Build a DevEx Scorecard from JSON: 5 Steps to Visualize Developer Experience and Boost Delivery

Flow+Joy Focus.

Turn raw Flow Radar JSON into a single DevEx scorecard so leaders, coaches, and engineers see the same seven health signals at a glance.

People → Service → Profit.

Developers thrive when bottlenecks are visible and fixable; a shared scorecard turns private pain into team goals. Clear DevEx metrics, review-wait, flaky builds, WIP age, translate directly into faster, stable releases, raising customer confidence. That confidence lowers churn and support cost, a profit the CFO can measure without reading a single log line.

Why It Matters

Jellyfish’s research shows teams with transparent DevEx dashboards release 22% faster.
Scorecards replace anecdotal “feels slow” with agreed-upon thresholds.
A one-pager means less time hunting for metrics, more time moving them.

5-Step Implementation

Step 1 – Export Slack Mood Data

In Sunday’s and Monday’s posts we showed how to collect seven flow signals; review-wait, build stability, WIP-age, deploy frequency, lead-time, MTTR, mood index. Then write them to disk as a single JSON payload.
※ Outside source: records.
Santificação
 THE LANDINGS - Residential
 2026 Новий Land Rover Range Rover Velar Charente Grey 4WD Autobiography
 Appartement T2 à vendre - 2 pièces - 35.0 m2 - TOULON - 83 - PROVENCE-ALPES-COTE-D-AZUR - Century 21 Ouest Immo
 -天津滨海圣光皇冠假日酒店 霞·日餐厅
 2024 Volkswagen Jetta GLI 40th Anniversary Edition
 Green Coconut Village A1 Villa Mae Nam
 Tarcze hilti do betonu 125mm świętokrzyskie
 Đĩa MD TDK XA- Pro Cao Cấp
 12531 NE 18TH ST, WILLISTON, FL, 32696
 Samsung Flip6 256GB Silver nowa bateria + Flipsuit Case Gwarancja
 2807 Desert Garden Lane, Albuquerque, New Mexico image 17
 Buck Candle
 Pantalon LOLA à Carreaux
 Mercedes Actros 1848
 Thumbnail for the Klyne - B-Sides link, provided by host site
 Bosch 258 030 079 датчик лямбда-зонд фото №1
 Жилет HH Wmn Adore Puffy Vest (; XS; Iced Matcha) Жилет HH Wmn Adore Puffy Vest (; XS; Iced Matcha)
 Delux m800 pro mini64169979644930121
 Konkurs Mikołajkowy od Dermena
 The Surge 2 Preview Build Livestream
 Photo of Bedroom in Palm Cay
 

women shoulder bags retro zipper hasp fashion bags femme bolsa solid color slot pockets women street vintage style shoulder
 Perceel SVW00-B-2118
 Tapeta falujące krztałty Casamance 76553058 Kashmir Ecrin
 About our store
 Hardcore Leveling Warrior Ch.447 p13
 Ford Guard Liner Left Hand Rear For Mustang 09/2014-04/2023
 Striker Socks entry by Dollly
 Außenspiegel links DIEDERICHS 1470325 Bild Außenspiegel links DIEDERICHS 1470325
So for this step, capture a fresh snapshot of your key flow metrics in a single JSON file. This acts as the “data cartridge” you’ll reload every day, giving everyone the same ground truth.

Present it as the raw ingredient, no judgment...yet; just the facts your scorecard will visualize. We can use yesterday’s pipeline run or call the API directly. Sample file.

# File saved as flow_radar_sample.json
{
  "review_wait_avg": 42,
  "build_stability_pct": 88,
  "wip_age_p90": 3.2,
  "deploy_freq_per_week": 9,
  "lead_time_hours": 26,
  "mttr_hours": 1.4,
  "mood_index": 7
}

Step 2 – Compute Daily Mood Score

Different metrics live on different scales (percent, minutes, hours); normalizing puts them on a common footing. Inverting “lower-is-better” values (lead time, MTTR) ensures higher always means healthier, making the radar intuitive at first glance. When you showcase, explain that it keeps the chart from favoring one metric just because its units are larger. Parse JSON into a DataFrame so you can scale disparate units (hours, percentages, counts).

import json, pandas as pd, numpy as np
raw = json.load(open('flow_radar_sample.json'))
df  = pd.DataFrame(raw, index=[0])

# invert “lower-is-better” metrics so higher always = better
invert = ['review_wait_avg', 'wip_age_p90', 'lead_time_hours', 'mttr_hours']
df[invert] = df[invert].apply(lambda x: 1 / x)

Step 3 – Log Failure Wins

Assign equal weight to every metric (or tweak the dictionary to match your realities) and roll them into a 0-to-10 composite. A single headline number helps non-technical stakeholders track improvement without parsing "seven" plots. Show the formula on-screen so the method feels transparent. Sample File.

weights = {c: 1 / len(df.columns) for c in df.columns}
score   = sum(df[c] * w for c, w in weights.items()) * 10
df['devex_score'] = score.round(1)
df.to_csv('devex_scorecard.csv', index=False)

Step 4 – Visualize Mood & Failure Markers

Use matplotlib to create a radar chart plus headline score. The radar chart turns rows of numbers into an immediate shape: jagged edges show imbalance; a smooth, symmetrical polygon means healthy flow. Include the headline score in the title and color segments red (<4), amber (4-7) or green (>7) to focus conversation. Drop the PNG into Slack or Confluence so remote team-mates see the same picture you discuss in the daily huddle.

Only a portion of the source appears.